POURQUOI LES 25-50 ANS SONT-ILS OBSéDéS PAR LES MARQUES DE NOURRITURE ?

La bouffe, la bouffe, et encore la bouffe… Dans le classement annuel de Marque préférée des Français, la nourriture se tape (encore) le gros du gâteau. Particulièrement chez les 25-50 ans, qui ne citent QUE ça. Un peu abusé ou logique ?

marque préférée des Français - La bouffe, la bouffe, et encore la bouffe… Dans le classement annuel de Marque préférée des Français, la nourriture se tape (encore) le gros du gâteau. Particulièrement chez les 25-50 ans, qui ne citent QUE ça. Un peu abusé ou logique ?
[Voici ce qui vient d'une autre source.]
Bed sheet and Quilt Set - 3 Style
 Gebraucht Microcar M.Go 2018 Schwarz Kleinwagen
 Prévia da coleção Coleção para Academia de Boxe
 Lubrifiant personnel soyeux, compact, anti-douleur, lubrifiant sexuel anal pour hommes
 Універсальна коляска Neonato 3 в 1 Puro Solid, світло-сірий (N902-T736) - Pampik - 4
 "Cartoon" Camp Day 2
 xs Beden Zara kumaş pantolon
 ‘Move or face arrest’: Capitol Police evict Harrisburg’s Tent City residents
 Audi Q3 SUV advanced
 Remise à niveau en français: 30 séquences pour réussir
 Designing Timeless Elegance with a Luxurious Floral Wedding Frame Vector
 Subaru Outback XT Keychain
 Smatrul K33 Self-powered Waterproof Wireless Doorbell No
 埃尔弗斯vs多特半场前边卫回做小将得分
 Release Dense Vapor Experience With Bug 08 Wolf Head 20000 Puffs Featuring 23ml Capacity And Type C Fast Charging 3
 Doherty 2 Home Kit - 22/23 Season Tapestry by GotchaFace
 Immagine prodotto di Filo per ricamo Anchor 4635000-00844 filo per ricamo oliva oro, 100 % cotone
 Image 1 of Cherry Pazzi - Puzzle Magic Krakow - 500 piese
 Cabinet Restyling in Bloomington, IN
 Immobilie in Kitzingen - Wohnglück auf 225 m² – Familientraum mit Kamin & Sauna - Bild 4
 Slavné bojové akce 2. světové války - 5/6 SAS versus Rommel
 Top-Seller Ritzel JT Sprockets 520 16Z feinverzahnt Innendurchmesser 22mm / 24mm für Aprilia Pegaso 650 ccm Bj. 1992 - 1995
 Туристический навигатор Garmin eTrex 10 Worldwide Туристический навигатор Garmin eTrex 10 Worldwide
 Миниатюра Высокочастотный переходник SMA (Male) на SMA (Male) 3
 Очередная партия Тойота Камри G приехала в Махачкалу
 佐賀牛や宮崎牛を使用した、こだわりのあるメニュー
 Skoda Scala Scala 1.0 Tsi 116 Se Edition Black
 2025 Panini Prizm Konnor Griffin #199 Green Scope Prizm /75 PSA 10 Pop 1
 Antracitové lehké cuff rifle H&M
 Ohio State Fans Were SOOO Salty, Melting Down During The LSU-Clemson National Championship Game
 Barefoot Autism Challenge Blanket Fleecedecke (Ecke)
Faut-il faire appel à l’esprit du consommateur ou à ses sentiments ? L’éternel débat du marketing vient peut-être de trouver une troisième voie. Finalement, ne cibler ni le cœur ni le cerveau de votre cible, trop convenu, et privilégiez plutôt son estomac. En regardant le classement Marque préférée des Français, l’alimentation est surreprésentée : neuf places du top 10 et 22 sur le top 30.

Une mainmise encore plus grande au sujet des 25-50 ans. Oubliez toute concurrence, ici, il n’y a que des marques de nourriture dans leurs favoris. Pas un Samsung, un Google, un Decathlon ou un Nike n’arrive à pointer le bout de son nez. Du ventre sinon rien, et tant pis pour la subtilité.

« Un héritage de notre enfance »

Le pire, c’est que Benjamin Fagot, de Marque préférée des Français, n’est aucunement surpris : « Chaque année, les marques de nourriture, principalement des plaisirs sucrés ou salés, occupent une place très importante dans nos classements ». Pourquoi une telle lubie ? « La nourriture contient beaucoup d’affect et va provoquer des sentiments et du plaisir chez le consommateur. On passe du temps à table, on débat autour de la nourriture, on en parle, elle est omniprésente dans notre vie », soutient Nathalie Louisgrand, enseignante-chercheuse spécialiste de la gastronomie à la Grenoble Ecole de management.

Clémentine Hugol-Gential, professeure et spécialiste des enjeux contemporains de l’alimentation à l’université de Bourgogne, enchaîne : « A l’instar des recettes, les marques alimentaires sont souvent un héritage de notre enfance, d’autant que de nombreuses marques en France ont gardé la même identité graphique depuis longtemps et sont donc reconnaissables à l’œil également. »

D’où cet aspect encore plus fort : « La nourriture et les marques ne racontent pas seulement notre histoire individuelle, mais aussi de famille. Cette accroche est d’autant plus présente chez les 20-50 ans, soit parce qu’on vient de quitter le nid familial, soit parce qu’on en a créé un », poursuit la professeure.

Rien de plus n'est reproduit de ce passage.